Friday, 6 February 2015

A JMX monitoring service for Couchbase

I had to investigate the Couchbase Bucket statistics a bit this week and so started a small side project which allows to access them via JMX. The source code is available here: https://github.com/dmaier-couchbase/cb-jmx . JMX means Java Management Extensions and provides a standard way to manage and monitor applications in the Java world.

The idea of the service is to expose the Couchbase bucket statistics via JMX. So tools like E.G. 'JConsole' or  'VisualVM' can connect in order to access the metrics.

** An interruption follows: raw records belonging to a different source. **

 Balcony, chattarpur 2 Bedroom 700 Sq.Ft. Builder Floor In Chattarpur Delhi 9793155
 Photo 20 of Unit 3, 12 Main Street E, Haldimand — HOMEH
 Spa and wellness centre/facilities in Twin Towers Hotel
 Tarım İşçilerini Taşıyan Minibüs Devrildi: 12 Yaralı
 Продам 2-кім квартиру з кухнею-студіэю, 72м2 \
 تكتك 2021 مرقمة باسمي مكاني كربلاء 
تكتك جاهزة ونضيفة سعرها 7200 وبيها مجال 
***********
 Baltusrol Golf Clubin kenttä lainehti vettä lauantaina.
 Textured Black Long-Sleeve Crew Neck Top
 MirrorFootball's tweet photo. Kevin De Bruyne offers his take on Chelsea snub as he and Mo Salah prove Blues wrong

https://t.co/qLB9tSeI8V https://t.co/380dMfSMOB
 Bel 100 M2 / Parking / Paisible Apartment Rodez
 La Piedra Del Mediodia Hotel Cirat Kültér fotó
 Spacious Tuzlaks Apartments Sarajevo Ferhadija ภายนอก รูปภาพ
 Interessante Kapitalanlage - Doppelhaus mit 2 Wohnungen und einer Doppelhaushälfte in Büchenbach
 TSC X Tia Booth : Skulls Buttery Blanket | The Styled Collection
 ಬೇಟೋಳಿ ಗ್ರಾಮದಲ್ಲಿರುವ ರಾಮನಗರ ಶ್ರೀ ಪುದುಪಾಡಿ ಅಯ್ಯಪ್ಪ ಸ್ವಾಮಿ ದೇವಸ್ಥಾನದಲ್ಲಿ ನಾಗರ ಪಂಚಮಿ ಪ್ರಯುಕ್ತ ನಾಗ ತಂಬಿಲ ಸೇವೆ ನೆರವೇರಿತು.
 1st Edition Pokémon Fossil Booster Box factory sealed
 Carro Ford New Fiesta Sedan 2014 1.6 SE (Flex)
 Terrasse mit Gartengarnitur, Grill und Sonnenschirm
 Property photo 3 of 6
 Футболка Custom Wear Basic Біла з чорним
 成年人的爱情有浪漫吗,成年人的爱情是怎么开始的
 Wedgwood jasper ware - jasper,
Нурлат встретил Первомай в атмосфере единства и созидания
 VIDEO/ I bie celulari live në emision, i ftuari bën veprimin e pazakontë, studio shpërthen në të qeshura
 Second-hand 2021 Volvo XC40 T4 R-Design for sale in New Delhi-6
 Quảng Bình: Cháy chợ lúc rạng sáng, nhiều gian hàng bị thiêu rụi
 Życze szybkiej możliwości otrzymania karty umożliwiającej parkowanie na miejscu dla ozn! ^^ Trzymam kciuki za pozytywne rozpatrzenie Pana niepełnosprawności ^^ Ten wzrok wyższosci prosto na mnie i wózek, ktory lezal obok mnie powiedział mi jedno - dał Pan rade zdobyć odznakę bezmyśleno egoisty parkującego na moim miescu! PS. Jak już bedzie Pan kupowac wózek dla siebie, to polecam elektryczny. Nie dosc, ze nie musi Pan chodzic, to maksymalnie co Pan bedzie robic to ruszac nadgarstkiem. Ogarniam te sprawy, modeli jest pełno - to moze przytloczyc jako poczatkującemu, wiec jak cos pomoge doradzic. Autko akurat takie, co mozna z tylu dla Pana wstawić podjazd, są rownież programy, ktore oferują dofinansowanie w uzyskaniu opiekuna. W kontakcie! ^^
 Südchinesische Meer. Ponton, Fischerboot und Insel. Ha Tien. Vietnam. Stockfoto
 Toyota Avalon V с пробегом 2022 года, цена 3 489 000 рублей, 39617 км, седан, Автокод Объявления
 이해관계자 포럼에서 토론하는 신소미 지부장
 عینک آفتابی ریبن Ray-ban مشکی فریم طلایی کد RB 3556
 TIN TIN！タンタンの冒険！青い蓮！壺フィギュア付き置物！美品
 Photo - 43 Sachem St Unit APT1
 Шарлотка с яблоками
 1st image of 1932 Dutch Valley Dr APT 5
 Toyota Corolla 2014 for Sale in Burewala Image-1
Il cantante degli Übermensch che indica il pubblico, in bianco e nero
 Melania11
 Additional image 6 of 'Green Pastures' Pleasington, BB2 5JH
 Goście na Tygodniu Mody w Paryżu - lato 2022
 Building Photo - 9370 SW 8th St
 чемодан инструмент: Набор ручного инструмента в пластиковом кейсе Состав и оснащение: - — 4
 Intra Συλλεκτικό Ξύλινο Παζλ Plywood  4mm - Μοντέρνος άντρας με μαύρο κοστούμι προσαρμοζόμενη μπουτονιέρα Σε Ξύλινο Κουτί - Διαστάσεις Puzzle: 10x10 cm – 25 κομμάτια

The following simple Managed Beans are implemented:
  • info: Shows general information about the JMX service
  • cmd_get: Shows the information how many get commands are currently processed for the given bucket. This is the number of commands those are invoked by the application.
  • cmd_set: Shows the information how many set commands are currently processed for the given bucket. This is the number of commands those are invokded by the application.
  • cpu_utilization_rate: This is the current CPU load for all cluster nodes.
  • delete_hits: This is the number of delete operations those did hit a document in Couchbase. So it is the number of successfully performed delete operations those were invoked by the application.
  • ep_bg_fetched: This is the number of fetches from disk. The cache hit ratio for get operations is (ep_bg_fetched / cmd_get) * 100 .
  • ep_diskqueue_items: This is the current size of the disk write queue. The disk write queue size should not increase lineary.
  • ep_mem_high_wat: This is the high watermark in megabytes which is configured. When the consumed memory (for the bucket) reaches the high watermark, then the system will begin to eject items until the low water mark threashold is reached again.
  • ep_mem_low_wat: This is the low watermark in megabytes which is configured. If this threashold is reached, then you can expect that that items will be ejected from memory soon. If you want a working set of 100% then you should increase the memory quota of your bucket as soon as the low water mark is reached.
  • mem_used: The current memory usage for the given bucket.
  • vb_replica_queue_size: The size of the replication queue. The replication should be able to keep up, which means that you don't want to see a linear increasement of this value.
The JMX service runs a job which gathers the provided bucket level metrics every 5 seconds. Every metric is returned as a series of samples. The standard accuracy is 1 minute, which means that you get a series of about 60 values per metric. This means that Couchbase measured one value per second. The MBeans are now approximating this series of values in order to provide a flat value. (BTW: The series is also exposed as a stringified array of values.) This flat value can then be plotted (see screen shot below). The closest approximation is the 'Next' one.
  • Min: The minimum value of the series of samples
  • Max: The maximum value of the series of samples
  • Avg: The average value of the series (sum of all values divided by the number of values)
  • Median: The central value of the series (the value in the middle)
  • Next: The next value of the series of samples (which means that this is the value which you get by looping over the series)